Why tables (not named lists like ontologyIndex)?
| Our problem | Their problem |
|---|---|
| Definitions change over time | Ontologies are static |
| Need versioning + audit trails | Just hierarchy traversal |
| “Is this definition still valid?” | “Is term A ancestor of B?” |
| Scale unknown (could be enterprise) | Fits in memory |
Tables give us: - Natural versioning (just add rows) - SQL evaluation (definitions are SQL) - Integration with data lakes (csolake) - Audit queries for free
Why S3 accessors on top?
Interactive R users expect ont$concepts$foo, not ont_get_concept(con, "foo").
The hybrid approach: - Database = source of truth - S3 objects = cached views with nice printing - Both APIs use the same tables
When to use which
| Situation | Recommendation |
|---|---|
| Interactive exploration | ont <- ontology(); ont$concepts |
| Scripts and packages | ont_connect(); ont_evaluate(...) |
| Building pipelines | Function-based (explicit control) |
| Teaching / demos | Object-based (less boilerplate) |
Related Work
Comparison with ontologyIndex
ontologyIndex is excellent for bio-ontologies (HPO, GO).
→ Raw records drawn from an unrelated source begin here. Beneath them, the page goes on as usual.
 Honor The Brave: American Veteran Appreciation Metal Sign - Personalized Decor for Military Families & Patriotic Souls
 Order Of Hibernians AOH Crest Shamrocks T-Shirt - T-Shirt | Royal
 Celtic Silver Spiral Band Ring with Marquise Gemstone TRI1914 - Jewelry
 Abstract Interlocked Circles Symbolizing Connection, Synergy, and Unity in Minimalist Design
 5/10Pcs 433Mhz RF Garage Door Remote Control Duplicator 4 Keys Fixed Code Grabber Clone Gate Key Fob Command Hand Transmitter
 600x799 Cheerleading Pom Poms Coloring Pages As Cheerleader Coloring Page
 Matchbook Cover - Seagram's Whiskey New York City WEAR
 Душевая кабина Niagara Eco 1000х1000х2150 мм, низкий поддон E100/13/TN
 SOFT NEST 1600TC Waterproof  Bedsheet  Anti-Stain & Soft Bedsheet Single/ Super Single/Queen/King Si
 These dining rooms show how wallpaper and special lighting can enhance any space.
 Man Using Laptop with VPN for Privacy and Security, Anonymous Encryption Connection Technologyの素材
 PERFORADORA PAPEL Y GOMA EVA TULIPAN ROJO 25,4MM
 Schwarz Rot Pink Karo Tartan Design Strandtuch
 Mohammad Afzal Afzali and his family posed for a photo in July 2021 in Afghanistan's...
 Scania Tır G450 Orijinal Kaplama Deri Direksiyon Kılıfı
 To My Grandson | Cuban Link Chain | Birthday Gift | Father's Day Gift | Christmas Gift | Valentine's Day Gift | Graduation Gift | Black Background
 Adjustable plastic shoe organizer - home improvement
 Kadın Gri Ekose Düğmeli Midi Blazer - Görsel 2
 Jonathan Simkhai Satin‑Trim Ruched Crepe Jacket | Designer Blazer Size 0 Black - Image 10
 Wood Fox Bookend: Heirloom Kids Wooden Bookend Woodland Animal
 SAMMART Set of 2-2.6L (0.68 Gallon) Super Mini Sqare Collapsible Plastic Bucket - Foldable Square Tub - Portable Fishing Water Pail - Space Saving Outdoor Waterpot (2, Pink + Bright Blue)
Here’s how we differ:
# ontologyIndex: static hierarchy from OBO file
data(hpo)
hpo$name[["HP:0001250"]] # "Seizure"
get_ancestors(hpo, "HP:0001250") # Returns parent terms
# ontologyR: versioned definitions with governance
ont <- ontology("metrics.duckdb")
ont$concepts$ready_for_discharge$flow[[1]]$sql_expr # "NOT planned_intervention"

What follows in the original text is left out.